Using Netscape, you can view the current height and width of an image in pixels by clicking and holding down "view image" - the dimensions are shown in the window header.

All aboard and away we go

OK. You've compressed, modified, antialiased and collected the images, so you might think you're all set to start weaving them into the fabric of your page.

Not so fast!

How many images have you collected? How big is the full collection? Is it larger than 100K? If it is, you may create other problems for your visitors.

In a web browser, if the "Autoload images" (or equivalent) selection is turned off, images can be downloaded individually by clicking on each image. In most WWW layouts, loading pages without the images will seriously mess up the intended look of the page.

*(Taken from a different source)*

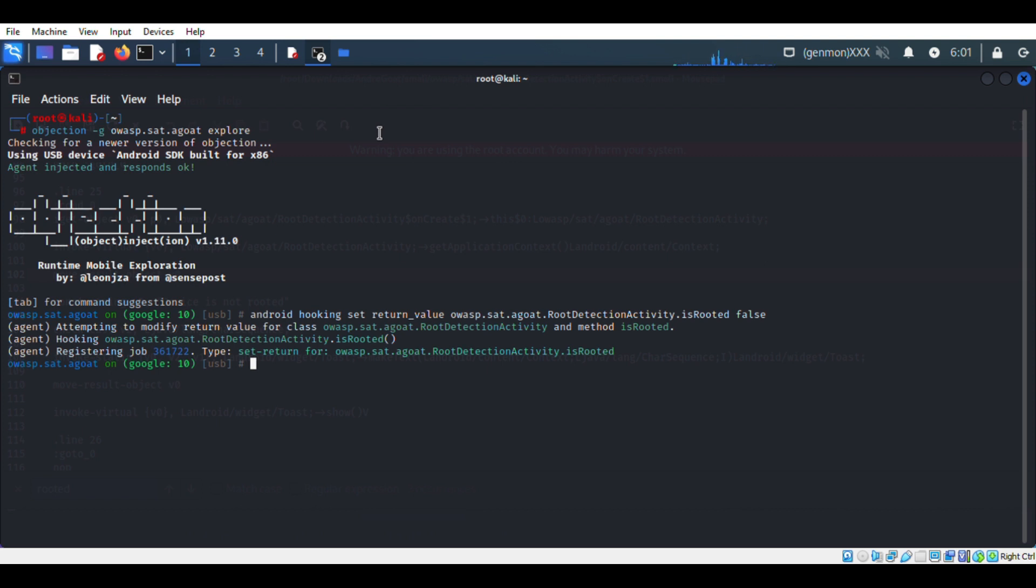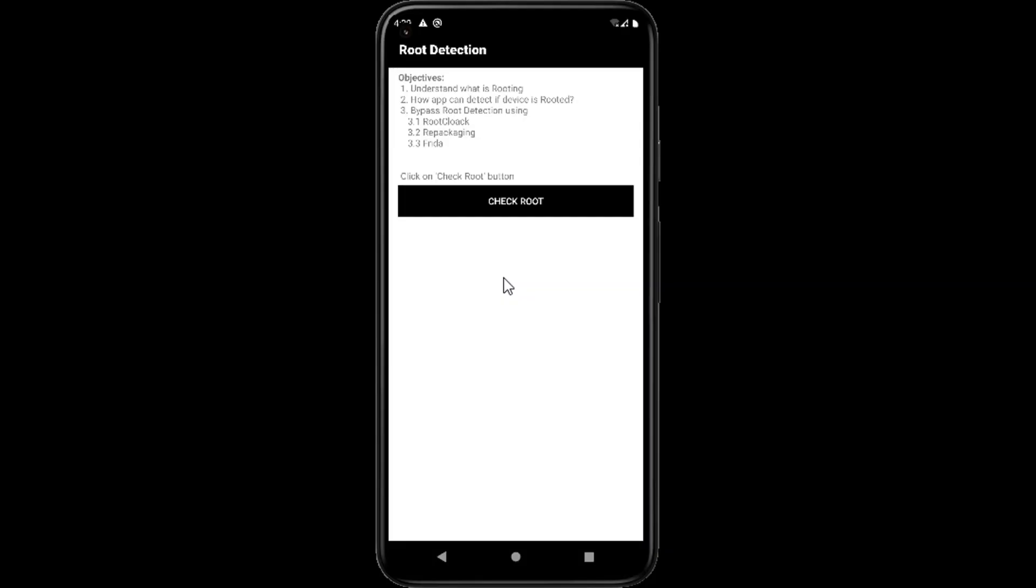Finally I set the function is rooted as false. So when I run this function, the root detection will get called directly. Now we have to close the application and open it again. So finally we got device is not rooted.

On the other hand, if the user sets images to be downloaded at the same time as the rest of the page information, there may be a sharp increase in the time to load -  it might mean the difference between loading 16K of text versus more than 100K of text and images, which may take minutes not seconds.

Yes, and even if you have interlaced them all.

What's the solution? Well, there are two: keep your image file sizes to the barest minimum, reserving the large sizes for the most important images. And re-use as many images as possible on multiple pages.

Some images, like fancy buttons, background tiles, logos and horizontal rules can be repeated in a design. When one is transferred, it is cached and re-displayed on subsequent pages. "Caching" means that once an image is transferred the browser accesses it from the user's hard disk.